Similarly to the UK, the construction manager as known in the USA is employed to provide advice and coordinate the construction phase. There are two methods of management used from here. The Project manager could be paid a fee for his services and also be paid for employing the specialist contractors whom he has to pay, this method is known as management contracting. The other option is that the client employs the specialists and pays them direct and the construction manager gets paid for managing the project, this is called construction management. In theory it makes no difference to the workload of the construction manager as either way it is his responsibility to ensure that the specialists know what they are required to do. Although an onerous task, it is not any more complex than a large project in the UK. This is due to the fact that the specialist contractors are in theory more than just contractors, they are designers installing their own specialist products and in turn are responsible for their own work under supervision of the construction manager. Although in the UK the project manager is responsible for the key decisions in the project, in the USA the construction manager delegates these decisions where appropriate to the specialist contractors. The USA is highly driven on completing projects on time and specialists will not hesitate to bring in hired work if necessary which provides an additional requirement for the construction manager to be flexible and coordinate the project contributors.

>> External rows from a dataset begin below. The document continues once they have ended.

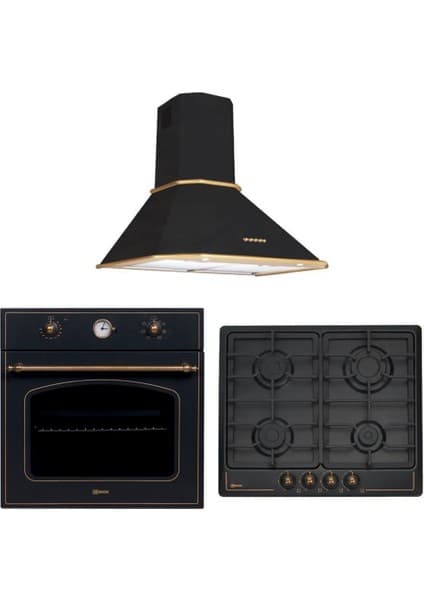 Ukinox Ukınox Vintage Rustik Antrasit Ankastre Set (Vintage Antrasit Davlumbaz-Vintage Antrasit Ocak-Vintage Antrasit Fırın)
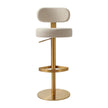 TOV Furniture Primrose Cream Textured Performance Fabric Adjustable Stool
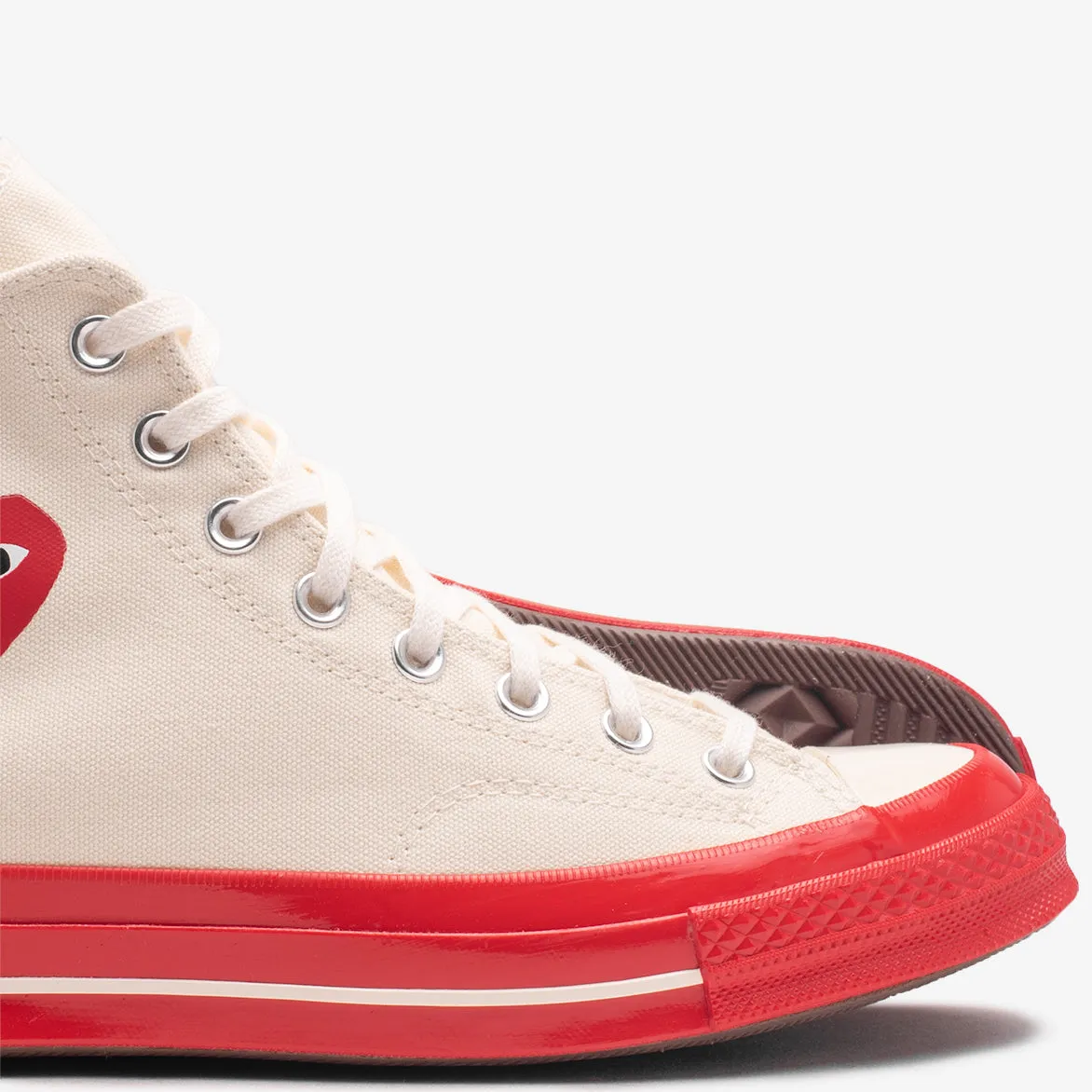CDG PLAY X CONVERSE CHUCK 70 HIGH - PRISTINE / RED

In the USA there is little pre-construction input from a project management point of view and the main role and responsibility is to make sure everyone is one hundred percent sure of what they are to be doing and when it is to be completed. It would appear that the USA get the best out of their specialists with the fierce competition and by the way in which they approach a project and are managed.

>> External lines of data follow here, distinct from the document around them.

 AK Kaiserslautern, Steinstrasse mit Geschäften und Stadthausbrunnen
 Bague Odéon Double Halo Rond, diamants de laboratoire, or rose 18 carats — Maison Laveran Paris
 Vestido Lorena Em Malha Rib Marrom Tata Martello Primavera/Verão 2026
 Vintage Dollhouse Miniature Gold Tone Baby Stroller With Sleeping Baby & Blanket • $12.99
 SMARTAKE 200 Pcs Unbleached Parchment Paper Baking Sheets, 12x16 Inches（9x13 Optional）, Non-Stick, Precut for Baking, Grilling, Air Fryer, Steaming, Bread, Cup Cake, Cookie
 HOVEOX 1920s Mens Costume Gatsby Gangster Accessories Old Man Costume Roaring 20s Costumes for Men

Having researched project management generally, it is evident in my opinion that there is a great benefit in having a project manager on board in a construction project. However having also researched in more detail the ins and outs of project management in the USA & Japan, and comparing it to practice in the UK, it is evident that the differing construction processes in each country dramatically affect the role and responsibilities of the project manager. The benefits of a project manager are endless and in my opinion, the whole scope of the project managers work is all a benefit to both the client and the contractor even though he is solely representing the client. The project manager is the middle man between the client and the rest of the project contributors. It is a benefit to the client as complex decisions are required when managing a construction site and knowing the lingo is extremely important. Unfortunately it would seem that in the UK the clients are not overly experienced with construction therefore its vital that they employ someone who can translate the terms into English and explain the pros and cons, for example, pros and cons of different options available. This role may be possible to be fulfilled by an architect however the main difference between an architect and a project manager is the project manager spends most of his time on construction sites and has greater experience in project programming, cost implications and construction techniques. The project manager is a benefit to the contractor as with his expertise, solutions to construction issues can be discussed and his advice may be beneficial for speed, cost or even just general ideas.
Ultimately it is evident that custom and practice in different countries does affect the role and responsibilities of the project manager. It is crucial for a inexperienced client to have a professional such as a project manager from the beginning of the project if the client wants the project to be finished to his desired quality, on time and on budget.